**What to do**
An exact copy of all the data below is needed.

**Data records**
++++++++++

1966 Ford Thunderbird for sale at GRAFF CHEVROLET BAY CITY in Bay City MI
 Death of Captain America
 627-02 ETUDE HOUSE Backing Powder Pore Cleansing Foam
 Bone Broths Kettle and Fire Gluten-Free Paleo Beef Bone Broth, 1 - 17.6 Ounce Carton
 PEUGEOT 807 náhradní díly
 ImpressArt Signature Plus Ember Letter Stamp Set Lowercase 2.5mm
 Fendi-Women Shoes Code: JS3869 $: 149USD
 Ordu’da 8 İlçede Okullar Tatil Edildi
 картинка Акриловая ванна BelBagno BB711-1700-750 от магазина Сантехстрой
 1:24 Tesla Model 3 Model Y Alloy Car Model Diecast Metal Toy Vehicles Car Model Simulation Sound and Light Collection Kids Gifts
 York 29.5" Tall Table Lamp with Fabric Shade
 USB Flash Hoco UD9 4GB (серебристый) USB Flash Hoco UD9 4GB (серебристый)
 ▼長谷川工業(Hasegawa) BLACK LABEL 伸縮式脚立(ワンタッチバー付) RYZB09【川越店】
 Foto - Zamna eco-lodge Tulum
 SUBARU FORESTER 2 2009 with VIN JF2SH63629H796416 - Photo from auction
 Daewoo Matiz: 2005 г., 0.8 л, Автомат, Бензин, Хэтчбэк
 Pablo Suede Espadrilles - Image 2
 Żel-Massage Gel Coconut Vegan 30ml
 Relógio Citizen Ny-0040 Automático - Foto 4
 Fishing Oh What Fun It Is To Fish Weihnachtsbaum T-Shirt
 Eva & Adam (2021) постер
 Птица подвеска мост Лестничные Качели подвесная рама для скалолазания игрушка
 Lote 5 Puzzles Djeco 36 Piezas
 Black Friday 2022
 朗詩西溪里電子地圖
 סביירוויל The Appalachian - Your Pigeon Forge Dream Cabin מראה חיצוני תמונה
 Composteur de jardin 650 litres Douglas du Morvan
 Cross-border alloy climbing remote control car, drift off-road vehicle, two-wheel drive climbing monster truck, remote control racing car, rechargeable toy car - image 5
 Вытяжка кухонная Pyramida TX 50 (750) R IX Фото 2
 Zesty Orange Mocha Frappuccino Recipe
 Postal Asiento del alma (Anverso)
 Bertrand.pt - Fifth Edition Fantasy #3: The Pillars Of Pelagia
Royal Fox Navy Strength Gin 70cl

++++++++++

**Response to this task**
1966 Ford Thunderbird for sale at GRAFF CHEVROLET BAY CITY in Bay City MI
 Death of Captain America
 627-02 ETUDE HOUSE Backing Powder Pore Cleansing Foam
 Bone Broths Kettle and Fire Gluten-Free Paleo Beef Bone Broth, 1 - 17.6 Ounce Carton
 PEUGEOT 807 náhradní díly
 ImpressArt Signature Plus Ember Letter Stamp Set Lowercase 2.5mm
 Fendi-Women Shoes Code: JS3869 $: 149USD
 Ordu’da 8 İlçede Okullar Tatil Edildi
 картинка Акриловая ванна BelBagno BB711-1700-750 от магазина Сантехстрой
 1:24 Tesla Model 3 Model Y Alloy Car Model Diecast Metal Toy Vehicles Car Model Simulation Sound and Light Collection Kids Gifts
 York 29.5" Tall Table Lamp with Fabric Shade
 USB Flash Hoco UD9 4GB (серебристый) USB Flash Hoco UD9 4GB (серебристый)
 ▼長谷川工業(Hasegawa) BLACK LABEL 伸縮式脚立(ワンタッチバー付) RYZB09【川越店】
 Foto - Zamna eco-lodge Tulum
 SUBARU FORESTER 2 2009 with VIN JF2SH63629H796416 - Photo from auction
 Daewoo Matiz: 2005 г., 0.8 л, Автомат, Бензин, Хэтчбэк
 Pablo Suede Espadrilles - Image 2
 Żel-Massage Gel Coconut Vegan 30ml
 Relógio Citizen Ny-0040 Automático - Foto 4
 Fishing Oh What Fun It Is To Fish Weihnachtsbaum T-Shirt
 Eva & Adam (2021) постер
 Птица подвеска мост Лестничные Качели подвесная рама для скалолазания игрушка
 Lote 5 Puzzles Djeco 36 Piezas
 Black Friday 2022
 朗詩西溪里電子地圖
 סביירוויל The Appalachian - Your Pigeon Forge Dream Cabin מראה חיצוני תמונה
 Composteur de jardin 650 litres Douglas du Morvan
 Cross-border alloy climbing remote control car, drift off-road vehicle, two-wheel drive climbing monster truck, remote control racing car, rechargeable toy car - image 5
 Вытяжка кухонная Pyramida TX 50 (750) R IX Фото 2
 Zesty Orange Mocha Frappuccino Recipe
 Postal Asiento del alma (Anverso)
 Bertrand.pt - Fifth Edition Fantasy #3: The Pillars Of Pelagia
Royal Fox Navy Strength Gin 70cl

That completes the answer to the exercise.